| Available data |
######

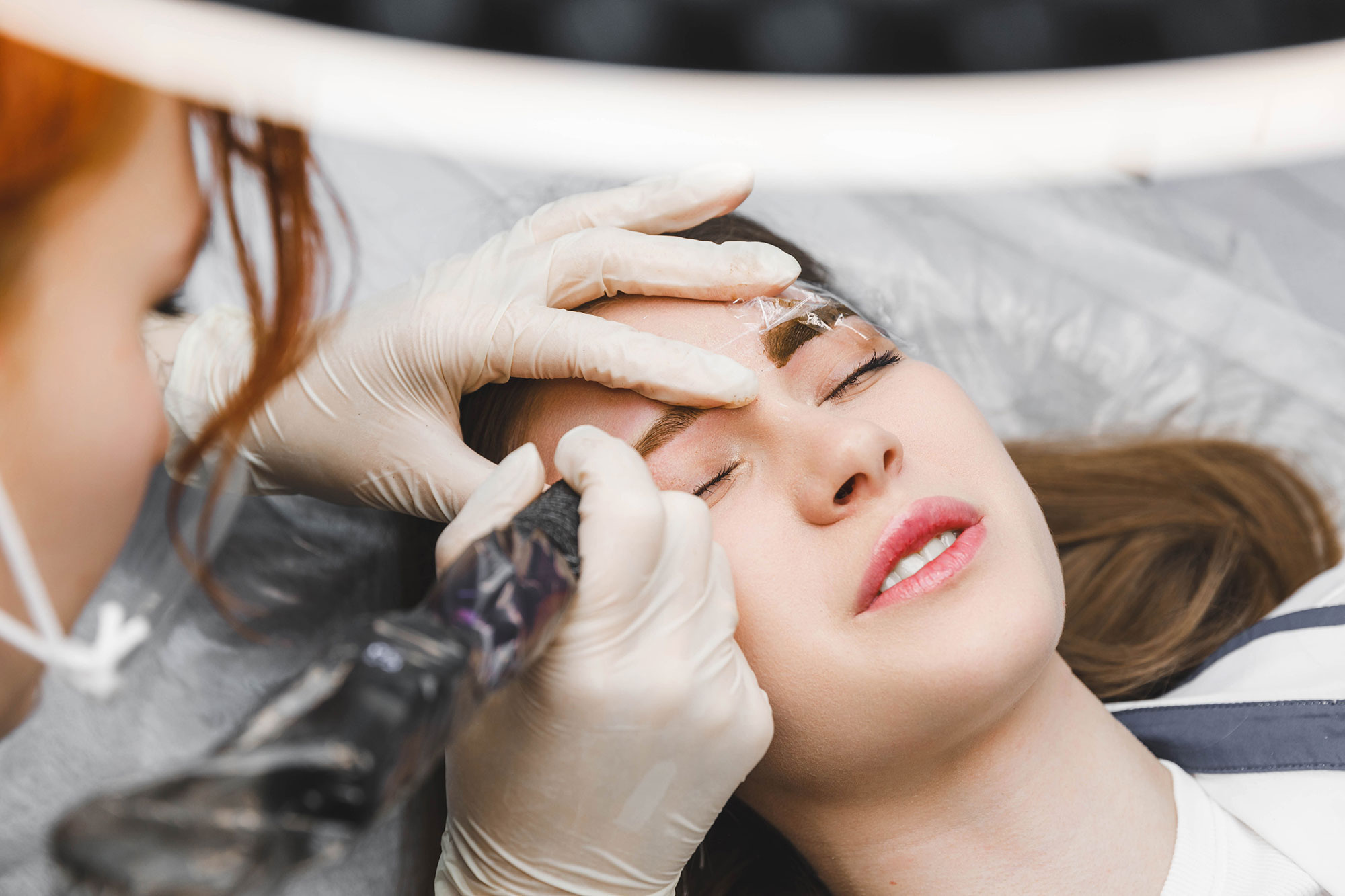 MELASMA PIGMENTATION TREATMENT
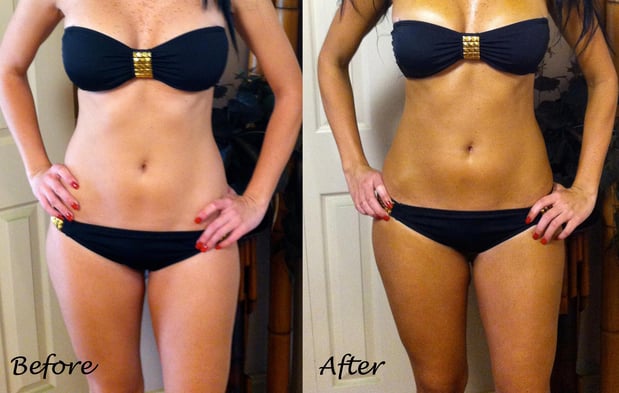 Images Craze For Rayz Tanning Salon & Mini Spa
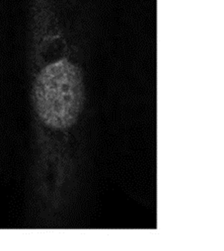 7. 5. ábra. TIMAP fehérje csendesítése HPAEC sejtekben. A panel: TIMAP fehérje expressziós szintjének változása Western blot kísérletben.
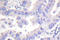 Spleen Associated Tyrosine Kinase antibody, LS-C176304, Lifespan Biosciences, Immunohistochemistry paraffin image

######

| Action item |
Beginning with the line in which "Images Craze For" appears, repeat exactly each line down to the close of the material, leaving every picture out.

| Problem solution |
 Images Craze For Rayz Tanning Salon & Mini Spa
 7. 5. ábra. TIMAP fehérje csendesítése HPAEC sejtekben. A panel: TIMAP fehérje expressziós szintjének változása Western blot kísérletben.
 Spleen Associated Tyrosine Kinase antibody, LS-C176304, Lifespan Biosciences, Immunohistochemistry paraffin image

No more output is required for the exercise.